AbstractThe risk profile and prognosis of patients with myelofibrosis is well described by the Dynamic International Prognostic Scoring System risk categorization. Allogeneic stem cell transplantation is considered for intermediate-2/high risk disease. However, indicators of prognosis after transplantation are still lacking. Seventy simultaneously collected pairs of trephine and blood samples were quantified for JAK2 p.V617F allele burden to compare test sensitivity. The course of 30 patients with JAK2 p.V617F-positive myeloproliferative neoplasia was correlated with allele burden after transplantation. Monitoring can be performed on full blood samples as well as trephine biopsies, provided that techniques with ample sensitivity (0.01% to 0.001%) are available. Measurement of allele burden on day 28 after transplantation discriminates two prognostic groups: patients with a JAK2 p.V617F allele burden >1% have a significantly higher risk of relapse of JAK2 p.V617F positive neoplasia (P=0.04) and a poorer overall survival (P<0.01). In conclusion, measurement of JAK2 p.V617F allele burden early after transplantation is an important predictive parameter in monitoring patients following this treatment. As this might provide an important tool in early management of imminent early relapse it will be important to define consensus guidelines for optimal monitoring.

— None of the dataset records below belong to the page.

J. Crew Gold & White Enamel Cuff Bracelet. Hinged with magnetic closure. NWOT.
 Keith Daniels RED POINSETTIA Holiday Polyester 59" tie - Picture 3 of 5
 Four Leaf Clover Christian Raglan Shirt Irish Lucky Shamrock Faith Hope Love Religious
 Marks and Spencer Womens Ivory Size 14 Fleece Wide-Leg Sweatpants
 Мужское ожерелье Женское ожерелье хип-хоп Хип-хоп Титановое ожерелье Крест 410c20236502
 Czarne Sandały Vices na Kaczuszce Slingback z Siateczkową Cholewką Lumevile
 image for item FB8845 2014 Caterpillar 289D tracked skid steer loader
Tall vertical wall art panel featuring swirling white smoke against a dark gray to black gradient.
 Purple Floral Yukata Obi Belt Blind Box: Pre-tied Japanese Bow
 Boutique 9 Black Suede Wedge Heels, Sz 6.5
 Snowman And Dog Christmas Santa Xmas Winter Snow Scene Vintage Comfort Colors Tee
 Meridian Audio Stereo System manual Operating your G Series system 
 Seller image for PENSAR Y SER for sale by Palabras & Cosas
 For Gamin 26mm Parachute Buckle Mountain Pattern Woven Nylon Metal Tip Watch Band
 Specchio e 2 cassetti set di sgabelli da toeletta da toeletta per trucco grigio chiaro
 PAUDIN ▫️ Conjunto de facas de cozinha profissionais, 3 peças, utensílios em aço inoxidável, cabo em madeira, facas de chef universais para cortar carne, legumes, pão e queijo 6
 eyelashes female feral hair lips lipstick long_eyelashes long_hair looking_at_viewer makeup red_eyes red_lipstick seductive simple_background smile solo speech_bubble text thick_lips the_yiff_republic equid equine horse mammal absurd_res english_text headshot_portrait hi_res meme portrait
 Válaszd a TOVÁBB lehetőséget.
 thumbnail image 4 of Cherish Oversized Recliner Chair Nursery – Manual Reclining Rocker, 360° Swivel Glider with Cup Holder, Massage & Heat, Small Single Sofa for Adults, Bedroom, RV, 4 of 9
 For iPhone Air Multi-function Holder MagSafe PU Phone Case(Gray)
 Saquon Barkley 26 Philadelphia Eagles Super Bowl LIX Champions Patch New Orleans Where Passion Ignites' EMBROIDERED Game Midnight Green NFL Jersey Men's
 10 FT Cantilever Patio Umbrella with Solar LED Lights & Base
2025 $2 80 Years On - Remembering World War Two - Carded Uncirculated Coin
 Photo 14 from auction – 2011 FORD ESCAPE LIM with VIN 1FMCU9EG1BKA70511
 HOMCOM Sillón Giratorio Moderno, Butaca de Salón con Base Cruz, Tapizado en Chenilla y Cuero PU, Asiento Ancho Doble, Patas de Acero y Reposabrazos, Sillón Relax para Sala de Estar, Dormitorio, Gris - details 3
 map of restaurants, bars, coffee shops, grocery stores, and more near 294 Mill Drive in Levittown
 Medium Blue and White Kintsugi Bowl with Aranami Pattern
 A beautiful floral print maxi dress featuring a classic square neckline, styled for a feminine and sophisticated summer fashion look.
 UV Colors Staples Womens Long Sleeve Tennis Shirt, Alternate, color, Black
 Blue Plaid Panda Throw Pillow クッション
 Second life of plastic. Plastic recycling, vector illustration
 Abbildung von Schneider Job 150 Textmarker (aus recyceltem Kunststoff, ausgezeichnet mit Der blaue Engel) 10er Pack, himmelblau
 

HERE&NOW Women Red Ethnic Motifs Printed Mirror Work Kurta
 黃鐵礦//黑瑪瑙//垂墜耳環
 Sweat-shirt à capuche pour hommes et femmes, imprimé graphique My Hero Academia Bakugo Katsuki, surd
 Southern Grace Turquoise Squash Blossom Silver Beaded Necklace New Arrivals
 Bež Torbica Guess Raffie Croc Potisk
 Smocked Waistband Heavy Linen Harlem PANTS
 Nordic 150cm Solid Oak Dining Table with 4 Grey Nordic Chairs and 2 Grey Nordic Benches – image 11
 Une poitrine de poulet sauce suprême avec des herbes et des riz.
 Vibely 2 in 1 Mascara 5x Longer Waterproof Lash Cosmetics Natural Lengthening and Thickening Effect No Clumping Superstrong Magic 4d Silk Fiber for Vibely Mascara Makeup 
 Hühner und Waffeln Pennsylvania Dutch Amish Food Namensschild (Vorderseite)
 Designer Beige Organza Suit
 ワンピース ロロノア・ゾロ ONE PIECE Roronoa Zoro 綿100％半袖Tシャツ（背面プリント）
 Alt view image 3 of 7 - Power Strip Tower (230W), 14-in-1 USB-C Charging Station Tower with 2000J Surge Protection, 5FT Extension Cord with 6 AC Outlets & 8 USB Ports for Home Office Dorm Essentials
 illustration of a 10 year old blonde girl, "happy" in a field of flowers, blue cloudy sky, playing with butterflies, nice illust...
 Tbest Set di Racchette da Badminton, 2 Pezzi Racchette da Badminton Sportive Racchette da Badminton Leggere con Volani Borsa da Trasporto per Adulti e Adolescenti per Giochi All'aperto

BCR-ABL-negative myeloproliferative neoplasms (MPN) are heterogeneous stem cell disorders with a variable risk of progression to secondary acute leukemia and to bone marrow failure due to bone marrow fibrosis.1 Allogeneic stem cell transplantation (SCT) is currently the only potentially curative procedure, but is still associated with significant mortality and morbidities.2–4 The curative potential of SCT relies heavily on the graft-versus-leukemia effect.5–7 This has led over the past decade to the adoption of reduced intensity conditioning SCT and to new curative possibilities even for elderly patients.8–11 However, following SCT 30–50% of all patients relapse and most of them die.12,13 Immunmodulation by titration of immunosuppression or use of donor lymphocyte infusions has been investigated in different diseases and may provide an option for avoiding hematologic relapse early after SCT.14,15 Such interventions, however, are only successful during early relapse and rely on the availability of appropriate techniques for monitoring molecular markers of the underlying disease. To date, molecular monitoring in patients with MPN has been limited, with real-time polymerase chain reaction (qPCR) being the most important tool for determining whether there is minimal residual disease in JAK2 p.V617F positive disease.16,17 Standardization of PCR protocols and documentation of adequate sensitivity and specificity for monitoring minimal residual disease in these patients have been initiated but not yet finalized.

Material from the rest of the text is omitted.